Why I Didn’t Want a Wedding

It’s no secret I’ve never wanted a wedding. For external reasons, including money, hating dancing in public and not wanting a day all about me, I have told anyone who would listen that I fully intend on eloping. It’s never gotten much deeper than that.

And then today, I spent the day packing up a good friend’s house. She and I have known each other for eight years. We’ve bonded, fought, laughed and argued our way through the various seasons of life we’ve both been through. Today, I was thinking how easy it’s become, being friends. I love her like a sister. We packed, ran errands, watched a movie. It was a good day.

Weddings are the things of fantasies. A woman wears a gorgeous gown, all eyes are on the groom as he looks at his bride. The room is full of all the people who love the bride and groom, people who have cheered on the relationship through its various ups and downs. At the center of the wedding is the couple but the celebration is really for all of us.

But of course, my mind drifted to another time in my life. One where I was impossible to know and hard to love. I was alone, drifting in emptiness. I went to parties I didn’t care for and shared conversations with people who couldn’t be bothered to share their story with me. I have no friends from that time in my life. Not one. Nobody stuck around. Nobody tried to fight through the wall I had built for myself. Nobody bothered.
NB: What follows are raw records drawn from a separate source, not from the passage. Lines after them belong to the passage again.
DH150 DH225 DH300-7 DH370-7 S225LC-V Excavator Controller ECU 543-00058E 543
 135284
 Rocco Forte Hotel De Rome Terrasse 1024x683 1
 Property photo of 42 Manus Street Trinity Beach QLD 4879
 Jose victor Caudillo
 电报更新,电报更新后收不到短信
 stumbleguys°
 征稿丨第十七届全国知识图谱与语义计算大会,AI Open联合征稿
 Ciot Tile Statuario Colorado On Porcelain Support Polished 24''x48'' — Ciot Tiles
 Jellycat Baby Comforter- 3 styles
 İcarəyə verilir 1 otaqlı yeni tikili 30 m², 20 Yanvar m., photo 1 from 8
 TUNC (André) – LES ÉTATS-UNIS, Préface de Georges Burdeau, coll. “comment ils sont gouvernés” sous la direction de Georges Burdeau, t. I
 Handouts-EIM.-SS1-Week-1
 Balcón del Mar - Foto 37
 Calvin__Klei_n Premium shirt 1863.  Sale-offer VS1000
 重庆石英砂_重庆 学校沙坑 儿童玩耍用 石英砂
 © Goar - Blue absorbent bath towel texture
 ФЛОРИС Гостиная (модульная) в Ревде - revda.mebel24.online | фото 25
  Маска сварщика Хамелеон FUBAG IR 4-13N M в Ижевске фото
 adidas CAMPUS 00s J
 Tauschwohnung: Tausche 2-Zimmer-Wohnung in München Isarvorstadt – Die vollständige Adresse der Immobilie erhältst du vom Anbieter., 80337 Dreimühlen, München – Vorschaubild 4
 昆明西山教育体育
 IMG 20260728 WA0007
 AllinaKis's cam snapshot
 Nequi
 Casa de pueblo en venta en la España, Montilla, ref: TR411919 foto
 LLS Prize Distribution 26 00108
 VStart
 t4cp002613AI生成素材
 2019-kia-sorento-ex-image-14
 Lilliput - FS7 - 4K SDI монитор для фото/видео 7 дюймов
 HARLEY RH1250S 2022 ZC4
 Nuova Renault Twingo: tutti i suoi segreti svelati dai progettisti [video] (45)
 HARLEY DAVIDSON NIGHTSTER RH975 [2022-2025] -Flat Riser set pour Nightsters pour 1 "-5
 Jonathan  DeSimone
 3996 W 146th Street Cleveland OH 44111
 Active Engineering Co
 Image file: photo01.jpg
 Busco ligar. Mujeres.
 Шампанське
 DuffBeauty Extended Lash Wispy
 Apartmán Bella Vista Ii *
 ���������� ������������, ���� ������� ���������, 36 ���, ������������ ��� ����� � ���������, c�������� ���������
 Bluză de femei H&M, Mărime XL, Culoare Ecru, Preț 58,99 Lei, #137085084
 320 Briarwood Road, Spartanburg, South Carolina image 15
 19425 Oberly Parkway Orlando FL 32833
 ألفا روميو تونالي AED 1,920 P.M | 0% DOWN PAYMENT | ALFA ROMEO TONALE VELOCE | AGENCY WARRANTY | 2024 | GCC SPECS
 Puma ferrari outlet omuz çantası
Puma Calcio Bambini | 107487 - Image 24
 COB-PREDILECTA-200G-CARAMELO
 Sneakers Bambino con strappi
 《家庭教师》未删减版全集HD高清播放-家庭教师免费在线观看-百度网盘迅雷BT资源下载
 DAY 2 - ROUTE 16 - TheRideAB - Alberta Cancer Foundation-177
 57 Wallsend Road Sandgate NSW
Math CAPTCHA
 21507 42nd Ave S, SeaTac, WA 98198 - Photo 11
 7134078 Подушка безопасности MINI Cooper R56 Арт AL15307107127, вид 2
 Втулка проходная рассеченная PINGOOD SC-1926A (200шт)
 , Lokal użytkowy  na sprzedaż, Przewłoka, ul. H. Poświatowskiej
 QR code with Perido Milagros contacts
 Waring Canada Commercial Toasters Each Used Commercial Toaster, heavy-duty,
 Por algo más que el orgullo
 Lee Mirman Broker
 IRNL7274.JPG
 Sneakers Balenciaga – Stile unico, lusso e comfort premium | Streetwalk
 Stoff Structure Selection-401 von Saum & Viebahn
They’re faces of people I see on Facebook but I have no emotional connection to any of them. And they don’t have any connection to me.

I spent all day with someone who loves me like family and I couldn’t stop thinking of the people I never got the chance to love, who never got the chance to love me. But I couldn’t help but feel grateful. Grateful for the friends who stuck around. The friends who tore down the wall I had built for myself. The friends who bothered.

I imagined what it would be like to be in a room full of people, all staring at me as I walk down the aisle in a dress I’ll never wear again. People who barely know me, because so few people have walked alongside me in my journey. It’s my living nightmare. The wedding becomes a question of who really loves me and who’s just here out of politeness. It feels false and artificial. Because a wedding is about everyone involved in the process of a relationship, not just the couple. 

I’ve been wrestling with this idea that someday, I’ll get to go back. Go back to that place where I wasn’t particularly loved and show them they were wrong. I’m enough, really enough. I replay it in my head all the time. They’re all in a room and I’m sharing the details of my life now, what this beautiful mess has become, and I finally have their approval. And somehow, in this fantasy, I’ve accomplished completeness. I’ve earned their respect. And they’ll all want to come to my wedding.  

But that fantasy hasn’t come true. It probably never will. What I have now has to be enough. Spending the day packing dishes into old boxes for my friend, I started to believe this could really be enough. And maybe I’ll have a wedding. Maybe I won’t. But it’ll be my choice.